BBQLab meets Lord Patrick Vallance

BBQ Lab members Dr. Will McCutcheon and Mariana Annameng Ma had the exciting opportunity to meet UK Science Minister Lord Patrick Vallance, along with a cohort of early career researchers from the Institute of Photonics and Quantum Sciences (IPaQS) at the Heriot-Watt University, here in Edinburgh. They presented our group’s research on the development of high-dimensional quantum technologies.

PRL: Photonic simulation of anyonic operators

We’re very excited to share that our recent work was published in Physical Review Letters while also being highlighted on the cover of the journal!

In this collaboration with groups from University of Leeds and Imperial College London, we program high fidelity non-unitary qutrit operators inside a multi-mode fiber, simulating fusion and braiding of non-Abelian D(S3) anyons. For this to work, we combine techniques developed in our previous works such as characterizing multi-mode fibers, designing non-unitary operations, as well as programming optical circuits.

You can read the open-access publication here:
Unveiling the Non-Abelian Statistics of D(S3) Anyons Using a Classical Photonic Simulator, Phys. Rev. Lett. 132, 110601 (2024)

Nature Physics : Qudit Gates in an Optical Fiber

Light traveling through an optical fibre

We’re very excited to share our latest work that was recently published in Nature Physics! Here we program optical circuits in a disordered medium by employing the disorder itself. We use these optical circuits to manipulate, and efficiently measure, high-dimensional entangled qudits.

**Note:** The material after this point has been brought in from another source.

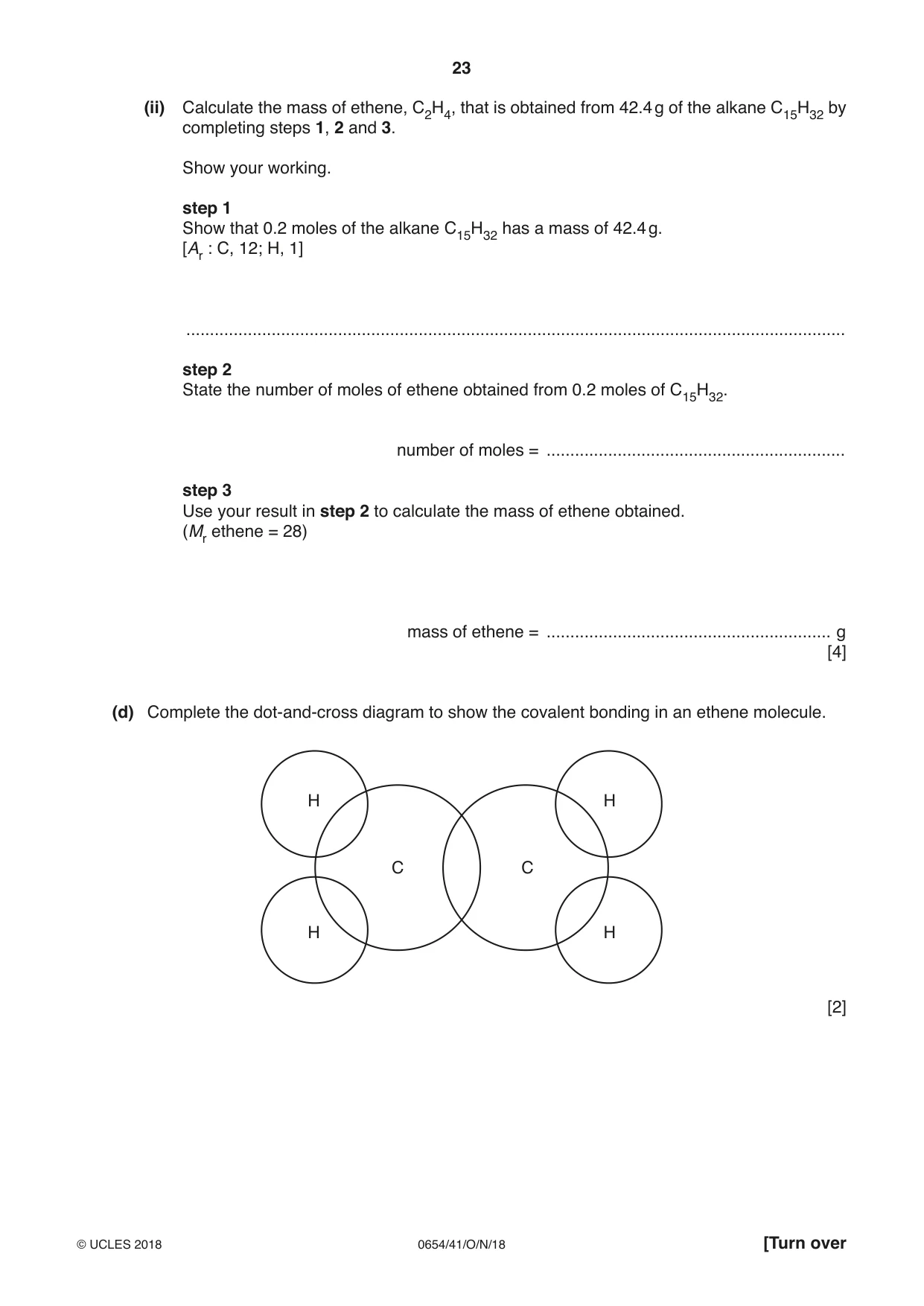 Cambridge IGCSE Sciences - Co-ordinated (Double) 0654 2018 Oct/Nov Paper 4 · Variant 1 question paper, page 23 of 28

A complex medium consists of millions of unitary operations within itself. Our method very carefully directs light through any combination of these operations, effectively programming a new arbitrary operation. This allows us to perform any set of quantum gates on high-dimensional states of light, including the ones necessary for entanglement certification and efficient quantum measurement.

This paper is very dense in terms of the variety of techniques involved in the theoretical formulation, experiment, simulations, data analysis, and computation, and most importantly, error analysis. This work was done along our collaborators Armin Tavakoli, Claudio Conti, and Pepijn Pinkse.

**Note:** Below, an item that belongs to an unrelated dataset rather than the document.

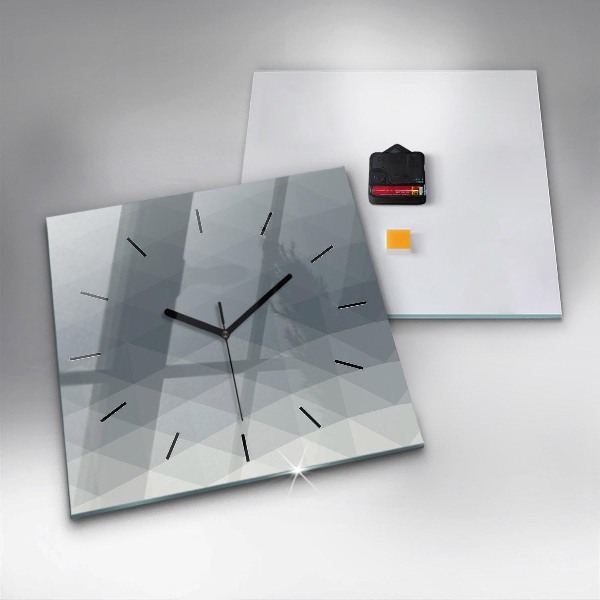 Square glass wall clock Gray abstraction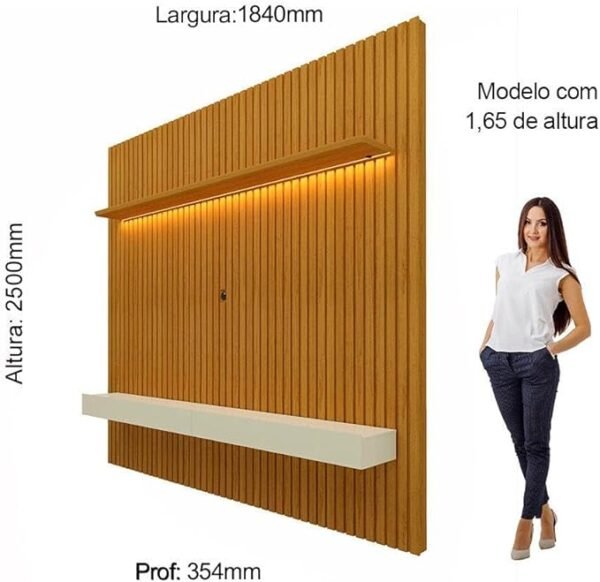 Painel Lyon com Prateleira com Led - Mavaular - Imagem 2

You can read the open access paper by following this link 10.1038/s41567-023-02319-6 . The codes and dataset used for the simulations in the paper are available on Github.

Optics Express: Multi-Plane Neural Networks

Our work was recently published in Optics Express and was highlighted as the Editor’s Pick. In this work, we present a method to fully characterize the transmission matrices of complex media using neural networks.

While similar methods existed, few of them could measure the relative phases between rows of the transmission matrix. Relative phases are necessary for coherent control of light after it propagates through given complex media, allowing their applications in optical networks, biomedical imaging, and quantum information processing.

Doing simple modifications to our setup and performing randomised measurements allows full recovery of transmission matrix using (what we call) multi-plane neural networks (MPNN). We show that our technique performs a much more accurate measurement as compared to the standard existing method of measurements on the same physical setup. Moreover, our technique is extremely robust to noise, retrieving a high-quality transmission matrix even when the measured data is majorly just noise (upto SNR =0.8)!

We also demonstrate the scalability of this method, to characterize multiple complex media simultaneously in a highly non-trivial and non-convex system.

You can read more about this work which is open access at doi.org/10.1364/OE.500529 . We have included all the codes, experimental and simulational datasets with the paper which can be found on Zenodo.

PRL: Sorting overlapping Quantum States

Evolution of three input modes in red, green and blue that are sorted into respective outcomes with their overlap sorted into the ambiguous outcome that turns white.

We are excited to announce that our latest work ‘Simultaneously Sorting Overlapping Quantum States of Light‘ has been published in Physical Review Letters. In this collaboration with the QOCI Group, we demonstrate simultaneous and efficient sorting of non-orthogonal transverse-spatial states of light in up to seven dimensions. This has been made possible by employing a multi-plane light converter (MPLC) to program high-dimensional POVMs that correspond to unambiguous discrimination of the quantum states. The MPLC employs an additional auxiliary outcome that sorts the overlap of all the modes into an ambiguous outcome.

An implication of this method is that we can sort overlapping images encoded with coherent sources. We demonstrate this by sorting three smiley faces with an accuracy of 97.6%, implying accurate image classification with light!